Decenas de países abandonan el discurso de Netanyahu en la ONU

Netanyahu defiende en la ONU el genocidio en Gaza mientras decenas de países le dan la espalda

El discurso de Benjamin Netanyahu en la Asamblea General de la ONU ha estado marcado por la controversia y el rechazo de buena parte de la comunidad internacional. Delegaciones de decenas de países abandonaron la sala en señal de protesta por la ofensiva israelí en Gaza, calificada por diferentes organismos —incluida una comisión independiente de Naciones Unidas— como un genocidio.

Netanyahu desafía la presión internacional

Lejos de suavizar su mensaje, el primer ministro israelí aprovechó la tribuna para reiterar que Israel “tiene que acabar el trabajo en Gaza” y hacerlo “cuanto antes mejor”. Desde el inicio, fue recibido con abucheos, pero respondió con un discurso duro en el que rechazó el reconocimiento de un Estado palestino, ya aceptado por 153 países.

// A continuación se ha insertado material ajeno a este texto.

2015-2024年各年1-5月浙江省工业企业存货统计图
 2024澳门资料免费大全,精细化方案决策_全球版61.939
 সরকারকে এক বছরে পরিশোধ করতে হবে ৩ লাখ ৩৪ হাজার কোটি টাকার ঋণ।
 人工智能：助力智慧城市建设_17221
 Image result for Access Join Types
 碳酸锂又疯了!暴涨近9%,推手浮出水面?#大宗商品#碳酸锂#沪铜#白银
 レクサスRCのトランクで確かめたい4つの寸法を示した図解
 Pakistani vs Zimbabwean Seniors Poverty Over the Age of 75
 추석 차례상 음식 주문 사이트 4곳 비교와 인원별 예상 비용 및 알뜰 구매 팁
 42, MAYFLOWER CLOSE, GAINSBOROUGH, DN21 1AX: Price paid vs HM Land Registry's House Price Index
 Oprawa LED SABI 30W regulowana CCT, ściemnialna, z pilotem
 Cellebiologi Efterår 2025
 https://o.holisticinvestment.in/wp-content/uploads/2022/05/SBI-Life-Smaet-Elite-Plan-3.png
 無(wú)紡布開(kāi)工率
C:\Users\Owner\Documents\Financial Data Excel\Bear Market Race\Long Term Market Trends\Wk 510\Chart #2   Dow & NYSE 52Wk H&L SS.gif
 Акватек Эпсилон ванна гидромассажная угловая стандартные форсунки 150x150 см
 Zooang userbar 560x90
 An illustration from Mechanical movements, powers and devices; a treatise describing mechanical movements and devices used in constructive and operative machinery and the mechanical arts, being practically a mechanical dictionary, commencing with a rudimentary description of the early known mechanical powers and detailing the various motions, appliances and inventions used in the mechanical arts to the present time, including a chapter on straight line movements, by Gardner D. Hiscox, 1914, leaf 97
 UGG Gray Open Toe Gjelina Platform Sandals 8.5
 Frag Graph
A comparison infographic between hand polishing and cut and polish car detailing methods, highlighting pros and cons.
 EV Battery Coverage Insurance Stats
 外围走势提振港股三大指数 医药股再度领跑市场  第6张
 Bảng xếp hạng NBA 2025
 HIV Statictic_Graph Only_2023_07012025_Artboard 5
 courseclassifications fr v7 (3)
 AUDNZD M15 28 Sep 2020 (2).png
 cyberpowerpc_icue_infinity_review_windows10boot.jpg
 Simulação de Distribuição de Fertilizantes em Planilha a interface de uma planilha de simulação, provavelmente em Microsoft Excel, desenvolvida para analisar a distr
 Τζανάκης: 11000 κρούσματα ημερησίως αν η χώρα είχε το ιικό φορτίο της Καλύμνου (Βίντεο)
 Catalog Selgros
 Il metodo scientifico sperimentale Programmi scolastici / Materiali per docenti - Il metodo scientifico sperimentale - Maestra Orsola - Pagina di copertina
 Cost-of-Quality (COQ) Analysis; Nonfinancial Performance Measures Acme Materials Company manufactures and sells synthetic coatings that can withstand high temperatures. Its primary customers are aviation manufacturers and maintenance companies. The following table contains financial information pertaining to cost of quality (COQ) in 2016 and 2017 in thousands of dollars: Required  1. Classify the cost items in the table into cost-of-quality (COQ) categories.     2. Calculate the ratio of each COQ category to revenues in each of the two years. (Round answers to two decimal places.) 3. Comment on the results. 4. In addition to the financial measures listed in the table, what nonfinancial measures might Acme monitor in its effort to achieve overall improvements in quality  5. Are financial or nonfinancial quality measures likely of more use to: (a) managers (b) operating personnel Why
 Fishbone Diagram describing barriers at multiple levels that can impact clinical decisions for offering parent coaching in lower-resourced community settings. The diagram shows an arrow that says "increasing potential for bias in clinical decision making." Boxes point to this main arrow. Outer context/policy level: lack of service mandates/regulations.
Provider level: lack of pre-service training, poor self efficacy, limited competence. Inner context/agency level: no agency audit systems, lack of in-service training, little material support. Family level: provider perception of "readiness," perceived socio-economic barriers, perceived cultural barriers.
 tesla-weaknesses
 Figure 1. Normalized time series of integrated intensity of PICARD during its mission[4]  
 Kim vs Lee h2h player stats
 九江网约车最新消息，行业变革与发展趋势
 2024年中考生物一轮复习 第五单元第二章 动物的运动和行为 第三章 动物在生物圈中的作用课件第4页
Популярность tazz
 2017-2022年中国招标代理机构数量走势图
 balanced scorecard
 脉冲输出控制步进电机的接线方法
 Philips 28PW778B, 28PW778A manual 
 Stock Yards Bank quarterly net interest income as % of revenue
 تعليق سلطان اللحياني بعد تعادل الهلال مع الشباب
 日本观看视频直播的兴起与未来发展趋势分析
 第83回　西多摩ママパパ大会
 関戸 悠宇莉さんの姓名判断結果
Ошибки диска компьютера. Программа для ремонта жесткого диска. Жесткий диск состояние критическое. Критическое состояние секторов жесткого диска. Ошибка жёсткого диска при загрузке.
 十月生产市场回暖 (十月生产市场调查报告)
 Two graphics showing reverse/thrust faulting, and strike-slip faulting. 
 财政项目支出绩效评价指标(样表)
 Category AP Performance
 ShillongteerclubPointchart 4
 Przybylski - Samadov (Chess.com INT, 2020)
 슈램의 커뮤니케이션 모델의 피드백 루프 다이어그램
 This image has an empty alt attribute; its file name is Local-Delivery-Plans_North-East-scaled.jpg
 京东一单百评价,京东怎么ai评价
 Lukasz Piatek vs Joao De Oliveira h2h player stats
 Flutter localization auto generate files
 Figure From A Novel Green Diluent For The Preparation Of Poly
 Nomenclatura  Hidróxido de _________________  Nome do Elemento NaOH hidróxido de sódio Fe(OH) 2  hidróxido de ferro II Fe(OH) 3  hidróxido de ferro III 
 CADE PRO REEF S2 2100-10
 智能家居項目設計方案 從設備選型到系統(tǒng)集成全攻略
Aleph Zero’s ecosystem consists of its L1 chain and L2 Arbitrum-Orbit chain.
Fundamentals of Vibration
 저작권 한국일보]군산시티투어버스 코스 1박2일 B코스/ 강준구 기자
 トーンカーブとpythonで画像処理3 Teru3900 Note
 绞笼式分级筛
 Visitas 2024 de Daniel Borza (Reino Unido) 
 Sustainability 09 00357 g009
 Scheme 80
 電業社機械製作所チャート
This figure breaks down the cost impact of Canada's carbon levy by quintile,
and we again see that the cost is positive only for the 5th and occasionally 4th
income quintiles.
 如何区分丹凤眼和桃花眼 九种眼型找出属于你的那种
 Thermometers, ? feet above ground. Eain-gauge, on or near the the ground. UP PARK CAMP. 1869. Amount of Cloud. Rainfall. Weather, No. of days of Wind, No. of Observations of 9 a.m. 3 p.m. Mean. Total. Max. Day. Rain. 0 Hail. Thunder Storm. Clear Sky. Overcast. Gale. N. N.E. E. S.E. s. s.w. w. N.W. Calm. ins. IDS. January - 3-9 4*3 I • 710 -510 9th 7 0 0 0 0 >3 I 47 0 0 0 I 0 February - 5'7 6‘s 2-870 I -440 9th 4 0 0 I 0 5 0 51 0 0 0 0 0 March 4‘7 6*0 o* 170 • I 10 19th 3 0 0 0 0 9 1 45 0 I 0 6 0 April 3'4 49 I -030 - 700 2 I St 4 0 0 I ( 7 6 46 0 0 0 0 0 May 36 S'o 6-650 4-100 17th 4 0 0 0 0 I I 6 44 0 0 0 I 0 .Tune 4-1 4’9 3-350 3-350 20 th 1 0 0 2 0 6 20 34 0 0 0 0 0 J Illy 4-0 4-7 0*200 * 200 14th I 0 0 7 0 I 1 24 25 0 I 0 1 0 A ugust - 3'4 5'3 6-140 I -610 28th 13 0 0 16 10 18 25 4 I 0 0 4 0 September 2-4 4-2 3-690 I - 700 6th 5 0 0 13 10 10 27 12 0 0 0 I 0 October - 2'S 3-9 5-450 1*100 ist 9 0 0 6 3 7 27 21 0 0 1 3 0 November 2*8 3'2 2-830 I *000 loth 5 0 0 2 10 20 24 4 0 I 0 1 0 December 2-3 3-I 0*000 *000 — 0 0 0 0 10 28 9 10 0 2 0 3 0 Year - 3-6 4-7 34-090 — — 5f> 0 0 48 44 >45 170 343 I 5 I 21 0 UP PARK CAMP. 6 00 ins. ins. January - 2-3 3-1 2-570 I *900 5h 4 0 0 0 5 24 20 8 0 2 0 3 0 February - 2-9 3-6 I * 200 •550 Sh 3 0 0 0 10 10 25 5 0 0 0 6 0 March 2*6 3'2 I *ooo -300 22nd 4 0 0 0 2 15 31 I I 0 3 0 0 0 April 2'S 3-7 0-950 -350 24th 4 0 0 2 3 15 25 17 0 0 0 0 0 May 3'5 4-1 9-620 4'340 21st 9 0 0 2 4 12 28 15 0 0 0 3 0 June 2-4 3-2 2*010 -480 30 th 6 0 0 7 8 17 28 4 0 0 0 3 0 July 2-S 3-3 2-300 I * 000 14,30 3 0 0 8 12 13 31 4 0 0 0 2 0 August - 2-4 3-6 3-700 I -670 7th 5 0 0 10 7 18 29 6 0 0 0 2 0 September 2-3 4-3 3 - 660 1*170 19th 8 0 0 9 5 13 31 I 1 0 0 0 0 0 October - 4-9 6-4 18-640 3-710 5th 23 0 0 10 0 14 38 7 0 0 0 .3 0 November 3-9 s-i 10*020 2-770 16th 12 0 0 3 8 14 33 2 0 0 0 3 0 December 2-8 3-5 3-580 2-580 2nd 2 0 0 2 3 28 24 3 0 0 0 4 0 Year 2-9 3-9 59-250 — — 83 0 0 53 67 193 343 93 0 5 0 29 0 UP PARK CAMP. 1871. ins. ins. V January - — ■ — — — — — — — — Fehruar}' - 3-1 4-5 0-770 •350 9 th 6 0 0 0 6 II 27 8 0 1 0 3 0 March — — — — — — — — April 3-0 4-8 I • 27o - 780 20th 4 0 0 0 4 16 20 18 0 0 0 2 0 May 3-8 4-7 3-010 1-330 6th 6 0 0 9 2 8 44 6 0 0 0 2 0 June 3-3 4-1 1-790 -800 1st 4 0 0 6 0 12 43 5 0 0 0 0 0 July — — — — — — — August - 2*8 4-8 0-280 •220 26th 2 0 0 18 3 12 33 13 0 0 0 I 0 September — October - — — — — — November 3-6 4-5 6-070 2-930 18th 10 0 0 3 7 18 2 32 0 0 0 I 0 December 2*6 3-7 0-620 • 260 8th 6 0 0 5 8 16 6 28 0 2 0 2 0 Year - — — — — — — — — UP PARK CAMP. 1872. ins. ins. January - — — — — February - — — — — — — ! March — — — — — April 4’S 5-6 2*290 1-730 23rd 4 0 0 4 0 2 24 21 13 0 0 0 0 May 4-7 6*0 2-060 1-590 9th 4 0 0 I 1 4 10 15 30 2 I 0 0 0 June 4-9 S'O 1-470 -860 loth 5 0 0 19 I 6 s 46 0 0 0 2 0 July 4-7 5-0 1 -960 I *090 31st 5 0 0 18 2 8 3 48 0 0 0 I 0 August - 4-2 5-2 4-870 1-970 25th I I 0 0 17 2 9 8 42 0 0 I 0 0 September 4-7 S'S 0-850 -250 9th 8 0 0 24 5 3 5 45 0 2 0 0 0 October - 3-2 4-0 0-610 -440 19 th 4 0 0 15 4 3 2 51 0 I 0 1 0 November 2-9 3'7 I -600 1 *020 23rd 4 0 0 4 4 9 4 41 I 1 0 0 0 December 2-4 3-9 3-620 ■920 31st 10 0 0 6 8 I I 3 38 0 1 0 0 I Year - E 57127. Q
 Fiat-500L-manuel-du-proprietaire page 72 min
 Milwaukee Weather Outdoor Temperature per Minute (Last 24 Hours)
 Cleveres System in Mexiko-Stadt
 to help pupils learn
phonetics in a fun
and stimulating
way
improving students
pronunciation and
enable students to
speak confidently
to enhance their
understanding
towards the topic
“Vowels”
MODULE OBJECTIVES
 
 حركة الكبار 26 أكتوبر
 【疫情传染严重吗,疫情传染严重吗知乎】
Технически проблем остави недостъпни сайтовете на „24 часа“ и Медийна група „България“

Según Netanyahu, “no es la ausencia de un Estado palestino, sino la existencia del Estado judío lo que está en juego”.

El mandatario defendió que no puede haber coexistencia, alegando que “cada vez que se les ha entregado territorio, lo han usado para atacarnos. Gaza se convirtió en un territorio de guerra”.

Una audiencia dividida y protestas en la sala

El discurso anual de Netanyahu siempre genera expectación, pero esta vez la presión internacional lo convirtió en un momento decisivo. Mientras hablaba, se escuchaban gritos en la sala y, en contraste con años anteriores, incluso sus aliados más cercanos mantuvieron un perfil bajo. Estados Unidos y Reino Unido no enviaron a sus embajadores, sino a diplomáticos de menor rango.

En el caso de España, la delegación ya no estaba presente. Tras la salida de Pedro Sánchez, Felipe VI y el ministro José Manuel Albares de Nueva York, la representación pudo quedar en manos de funcionarios de menor nivel, pero ninguno estuvo en la sala durante la intervención.

Crece la presión internacional

Netanyahu se enfrenta a un creciente aislamiento diplomático y acusaciones de crímenes de guerra, mientras el reconocimiento de Palestina gana fuerza. Países como Australia, Canadá y Reino Unido se han sumado recientemente a esta posición, y la Unión Europea aprobó este mes una resolución que pide una solución de dos Estados.

Mientras tanto, la ofensiva israelí ha dejado más de 65.000 palestinos muertos en Gaza, ha forzado el desplazamiento del 90% de la población y ha generado una crisis humanitaria de dimensiones históricas.